MaNGA DynPop – VI. Matter density slopes from dynamical models of 6000 galaxies versus cosmological simulations: the interplay between baryonic and dark matter

Abstract

ABSTRACT We try to understand the trends in the mass density slopes as a function of galaxy properties. We use the results from the best Jeans Anisotropic Modelling (JAM) of the integral-field stellar kinematics for near 6000 galaxies from the MaNGA DynPop project, with stellar masses $10^9\ {\rm {\rm M}_{\odot }}\lesssim M_*\lesssim 10^{12}\ {\rm {\rm M}_{\odot }}$, including both early-type and late-type galaxies. We use the mass-weighted density slopes for the stellar $\overline{\gamma }_*$, dark $\overline{\gamma }_{_{\rm DM}}$ and total $\overline{\gamma }_{_{\rm T}}$ mass from the MaNGA DynPop project. As previously reported, $\overline{\gamma }_{_{\rm T}}$ approaches a constant value of $\overline{\gamma }_{_{\rm T}}\approx 2.2$ for high σe galaxies, and flattens for $\lg (\sigma _{\rm e}/{\rm km\ s^{-1}})\lesssim 2.3$ galaxies, reaching $\overline{\gamma }_{_{\rm T}}\approx 1.5$ for $\lg (\sigma _{\rm e}/{\rm km\ s^{-1}})\approx 1.8$. We find that total and stellar slopes track each other tightly, with $\overline{\gamma }_{_{\rm T}}\approx \overline{\gamma }_*-0.174$ over the full σe range. This confirms the dominance of stellar matter within Re. We also show that there is no perfect conspiracy between baryonic and dark matter, as $\overline{\gamma }_*$ and $\overline{\gamma }_{_{\rm DM}}$ do not vary inversely within the σe range.
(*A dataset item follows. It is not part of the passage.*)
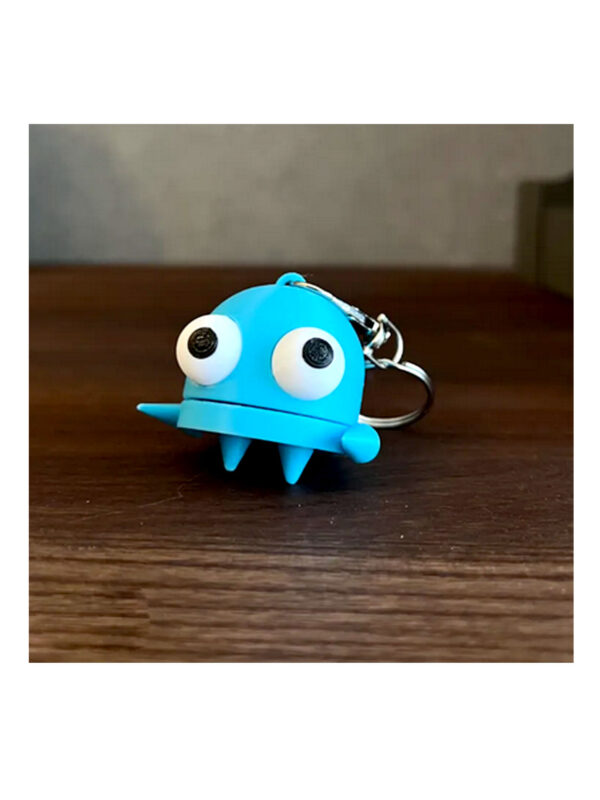 R.E.P.O. Keychain - Image 3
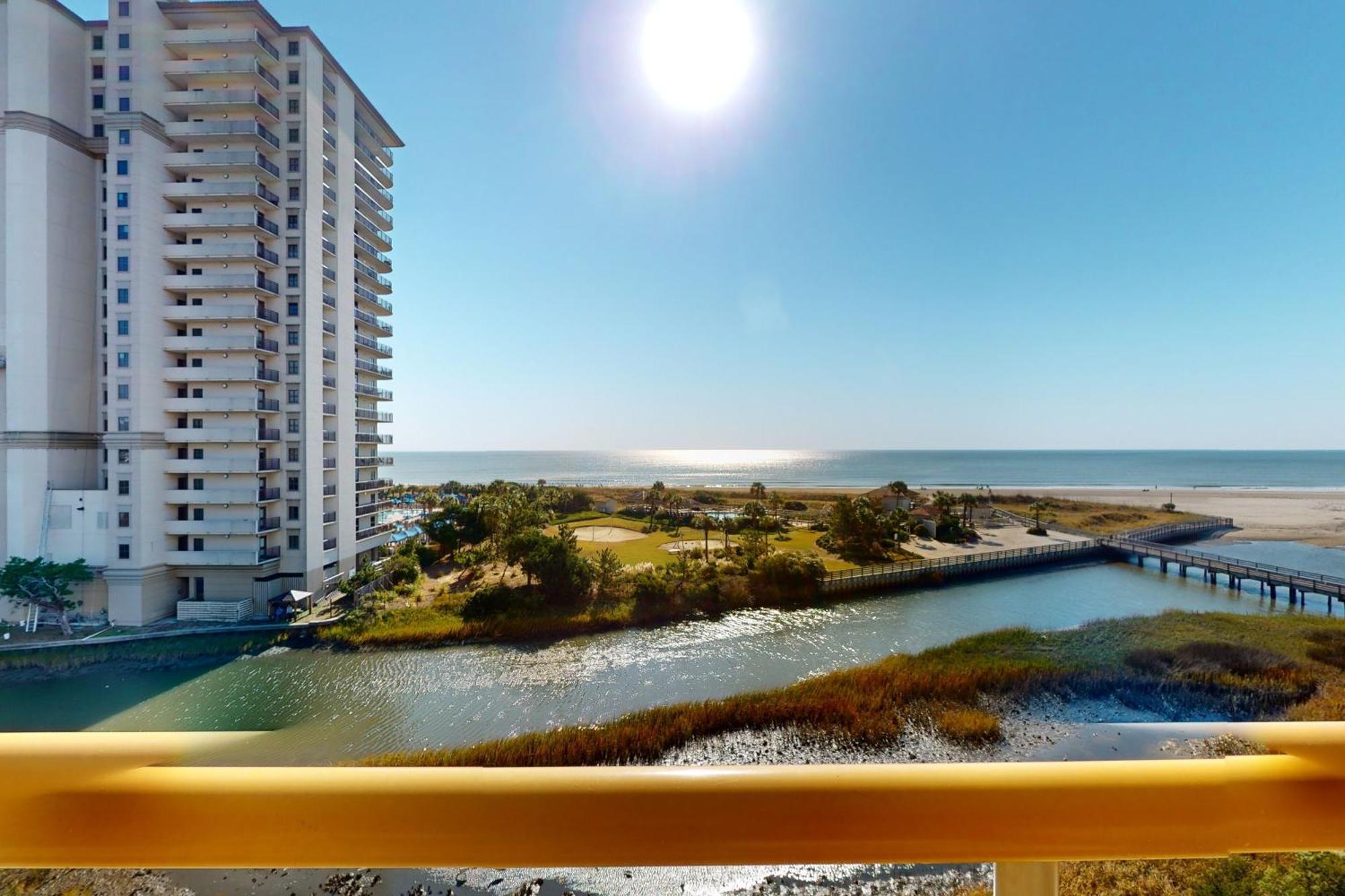 Ocean Creek Villa Myrtle Beach Cameră foto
We find that the central galaxies from TNG50 and TNG100 simulations do not reproduce the observed galaxy mass distribution, which we attribute to the overestimated dark matter fraction, possibly due to a constant IMF and excessive adiabatic contraction effects in the simulations. Finally, we present the stacked dark matter density profiles and show that they are slightly steeper than the pure dark matter simulation prediction of $\overline{\gamma }_{_{\rm DM}}\approx 1$, suggesting moderate adiabatic contraction in the central region of galaxies. Our work demonstrates the power of stellar dynamics modelling for probing the interaction between stellar and dark matter and testing galaxy formation theories.